しかし、この願いはあっけなく打ち砕かれた。守田はこの大会で全日本大学選抜を決勝で破って優勝し、MVPに選出されたのだ。

結局、守田の争奪レースは川崎とG大阪の一騎打ちとなった。守田はG大阪のお膝元である大阪・高槻の出身。向島が守田に目標としている選手を尋ねると「今野泰幸選手」と返ってきた。G大阪で長きにわたり活躍した日本代表MFだ。さらに、G大阪はボランチのMF井手口陽介が海外移籍でチームを抜けることが決まっていた。川崎にとって、悪条件がそろっていた。

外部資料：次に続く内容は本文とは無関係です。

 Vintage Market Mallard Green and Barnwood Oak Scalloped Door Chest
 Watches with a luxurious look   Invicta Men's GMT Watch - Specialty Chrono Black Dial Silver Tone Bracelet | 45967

しかし、どうしても欲しかった。出身の金光大阪高の関係者が「G大阪に進むべき」と守田に進言しているとウワサを耳にすれば、向島は関係者を説得するため、大阪へ飛んだ。結局ウワサは誤報だったが、それほどまでに「今まで獲得した大学生と比べても、完成度は抜けていた」と将来を確信していた。当時の川崎はボランチの選手層が厚かったが「まずは右サイドバックからでいい。そこでいろいろ学んでいずれボランチで」と訴えた。

練習参加を経て、熱意は実った。17年7月、川崎への内定が発表された。その後、在籍した18~20年で2度の優勝に貢献し、ルーキーイヤーの18年にA代表デビュー。川崎で培った攻守両面での貢献度の高さを買われ、最終予選でレギュラーに定着した。約6年前に「これ以上、活躍しないでくれ」と祈られた無名の大学3年生は、日本中の期待を背負い、不動のレギュラーとしてW杯を迎える。(岡島 智哉)

守田 英正(もりた・ひでまさ) 1995年5月10日、大阪・高槻市生まれ。27歳。金光大阪高から流通経大に進学。18年に川崎加入。同年、20年の優勝に貢献。21年1月にポルトガル1部サンタクララに移籍し、22年7月からスポルティング所属。日本代表では18年9月に代表デビュー。A代表通算17試合2得点。177センチ、74キロ。右利き。